┌──

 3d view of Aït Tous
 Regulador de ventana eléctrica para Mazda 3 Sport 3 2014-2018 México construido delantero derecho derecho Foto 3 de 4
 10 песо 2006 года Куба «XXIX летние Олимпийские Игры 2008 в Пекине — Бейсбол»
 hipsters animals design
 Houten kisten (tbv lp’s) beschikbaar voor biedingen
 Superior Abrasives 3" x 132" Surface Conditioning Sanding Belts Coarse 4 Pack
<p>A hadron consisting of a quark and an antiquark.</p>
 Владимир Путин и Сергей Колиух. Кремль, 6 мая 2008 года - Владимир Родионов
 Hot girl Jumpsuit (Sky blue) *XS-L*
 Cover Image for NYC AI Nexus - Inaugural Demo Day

└──
┌──

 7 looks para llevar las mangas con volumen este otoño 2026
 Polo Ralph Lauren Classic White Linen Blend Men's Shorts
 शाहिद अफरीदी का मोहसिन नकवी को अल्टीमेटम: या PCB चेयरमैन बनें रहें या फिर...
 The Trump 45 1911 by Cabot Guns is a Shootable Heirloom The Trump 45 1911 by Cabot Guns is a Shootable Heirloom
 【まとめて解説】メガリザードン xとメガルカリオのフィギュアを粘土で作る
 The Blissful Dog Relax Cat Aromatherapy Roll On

└──

Here the output must be the lines above from the line with "Houten kisten (tbv" to the line with "Hot girl Jumpsuit (Sky blue) *XS-L*", both included, duplicated word for word and nothing else.

 Houten kisten (tbv lp’s) beschikbaar voor biedingen
 Superior Abrasives 3" x 132" Surface Conditioning Sanding Belts Coarse 4 Pack
<p>A hadron consisting of a quark and an antiquark.</p>
 Владимир Путин и Сергей Колиух. Кремль, 6 мая 2008 года - Владимир Родионов
 Hot girl Jumpsuit (Sky blue) *XS-L*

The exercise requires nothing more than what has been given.